Add lane masks bit-shift in the porting guide

neon60 · neon60 · commit f5dc82cee99d · 2025-06-07T16:49:42.000+02:00
diff --git a/.wordlist.txt b/.wordlist.txt
@@ -15,6 +15,7 @@ bfloat
 Bitcode
 bitcode
 bitcodes
+bitmask
 blockDim
 blockIdx
 builtins
diff --git a/docs/how-to/hip_porting_guide.rst b/docs/how-to/hip_porting_guide.rst
@@ -611,6 +611,70 @@ code, while the host can query it during runtime via the device properties. See
 the :ref:`HIP language extension for warpSize <warp_size>` for information on
 how to write portable wave-aware code.
 
+Lane masks bit-shift
+================================================================================
+
+A thread in a warp is also called a lane, and a lane mask is a bitmask where
+each bit corresponds to a thread in a warp. A bit is 1 if the thread is active,
+0 if it's inactive. Bit-shift operations are typically used to create lane masks
+and on AMD GPUs the ``warpSize`` can differ between different architectures,
+that's why it's essential to use correct bitmask type, when porting code.
+
+Example:
+
+.. code-block:: cpp
+
+  // Get the thread's position in the warp
+  unsigned int laneId = threadIdx.x % warpSize;
+
+  // Use lane ID for bit-shift
+  val & ((1 << (threadIdx.x % warpSize) )-1 );
+
+  // Shift 32 bit integer with val variable
+  WarpReduce::sum( (val < warpSize) ? (1 << val) : 0);
+
+Lane masks are 32-bit integer types as this is the integer precision that C 
+assigns to such constants by default. GCN/CDNA architectures have a warp size of
+64, :code:`threadIdx.x % warpSize` and :code:`val` in the example may obtain 
+values greater than 31. Consequently, shifting by such values would clear the 
+32-bit register to which the shift operation is applied. For AMD
+architectures, a straightforward fix could look as follows:
+
+.. code-block:: cpp
+  
+  // Get the thread's position in the warp
+  unsigned int laneId = threadIdx.x % warpSize;
+
+  // Use lane ID for bit-shift
+  val & ((1ull << (threadIdx.x % warpSize) )-1 );
+
+  // Shift 64 bit integer with val variable
+  WarpReduce::sum( (val < warpSize) ? (1ull << val) : 0);
+
+For portability reasons, it is better to introduce appropriately
+typed placeholders as shown below:
+
+.. code-block:: cpp
+
+  #if defined(__GFX8__) || defined(__GFX9__)
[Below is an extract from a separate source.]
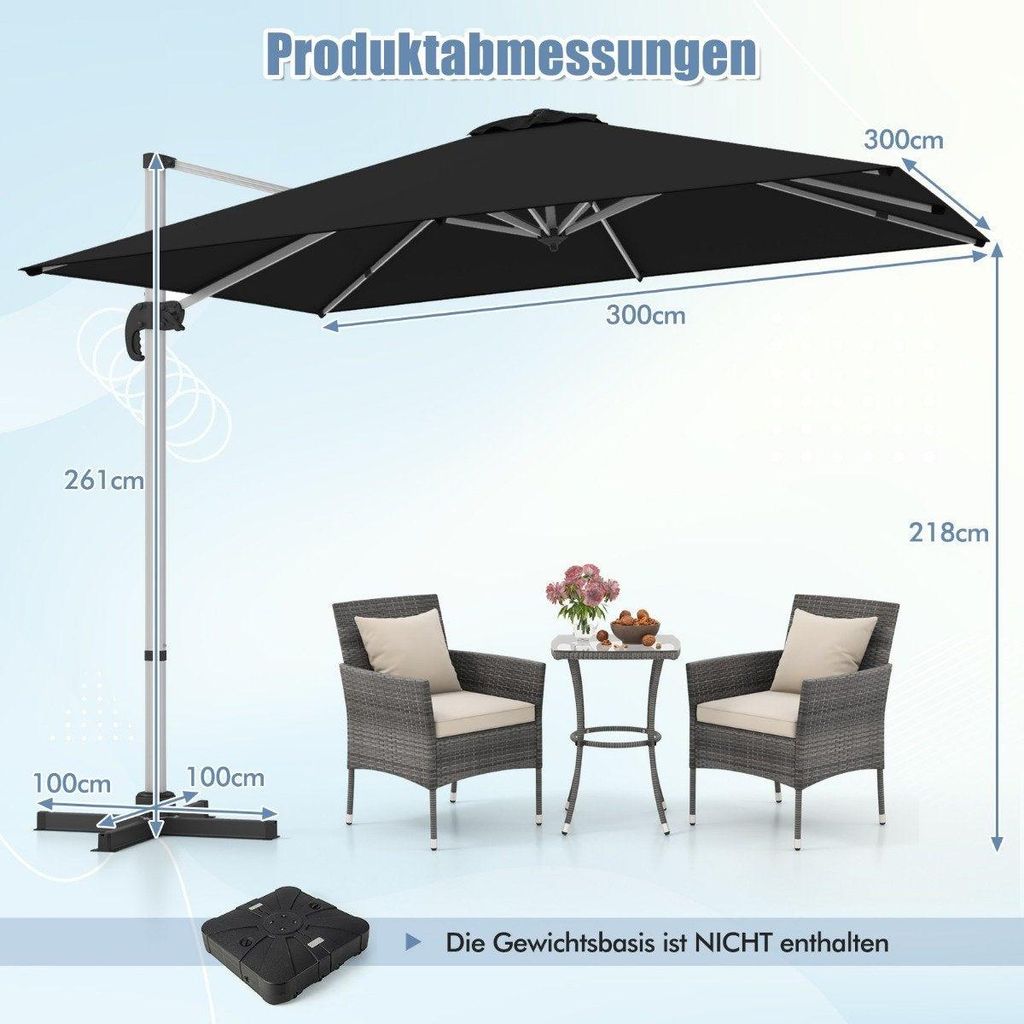 Sonnenschirm rechteckig 300 x 300 cm großer Ampelschirm mit Kurbel Schwarz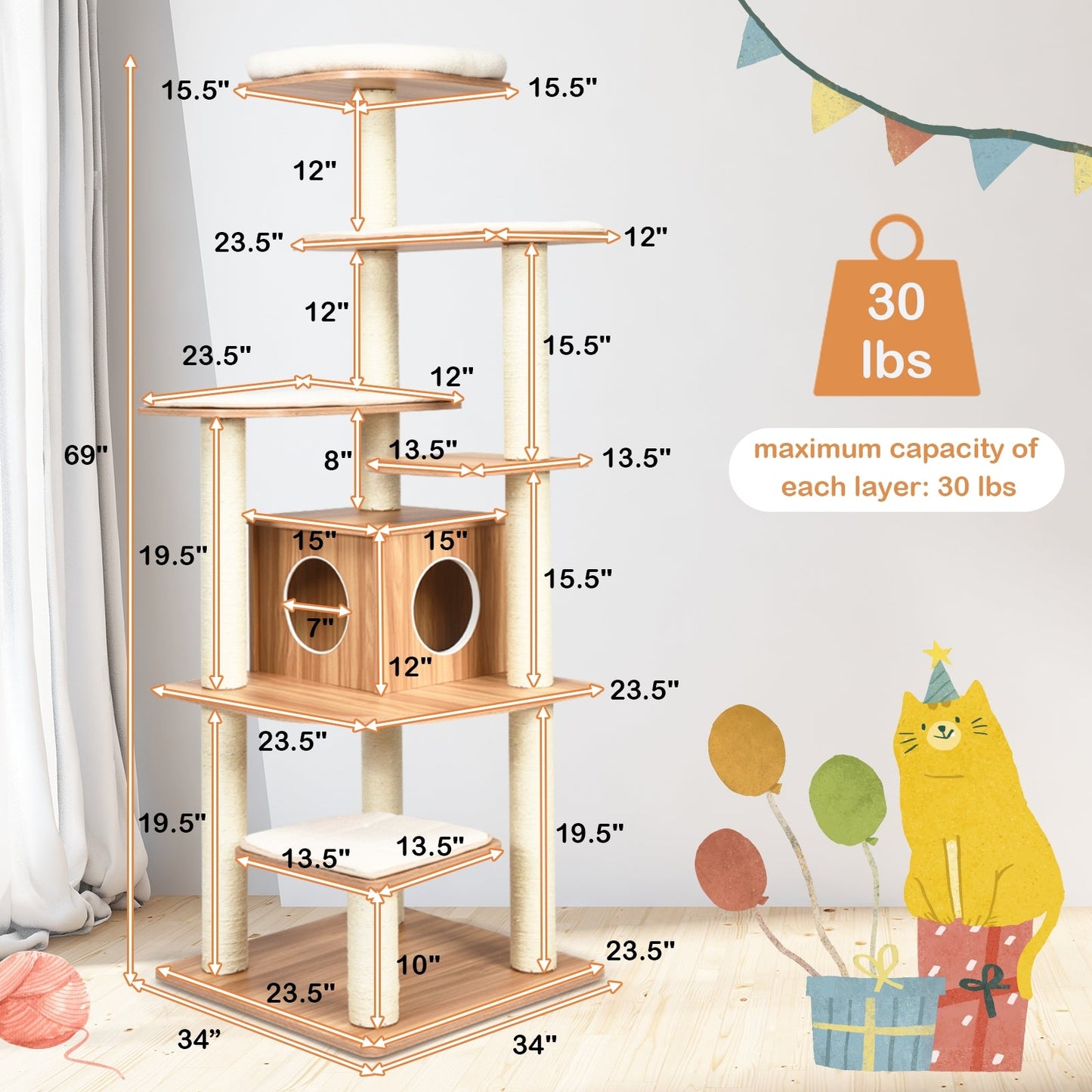 7-Layer Wooden Cat Tree with Sisal Posts and Condo - Natural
+  typedef uint64_t lane_mask_t;
+  #else
+  typedef uint32_t lane_mask_t;
+  #endif
+
+The use of :code:`lane_mask_t` with the previous example:
+
+.. code-block:: cpp
+
+  // Get the thread's position in the warp
+  unsigned int laneId = threadIdx.x % warpSize;
+
+  // Use lane ID for bit-shift
+  val & ((lane_mask_t{1} << (threadIdx.x % warpSize) )-1 );
+
+  // Shift 32 or 64 bit integer with val variable
+  WarpReduce::sum( (val < warpSize) ? (lane_mask_t{1} << val) : 0);
+
 Porting from CUDA __launch_bounds__
 ================================================================================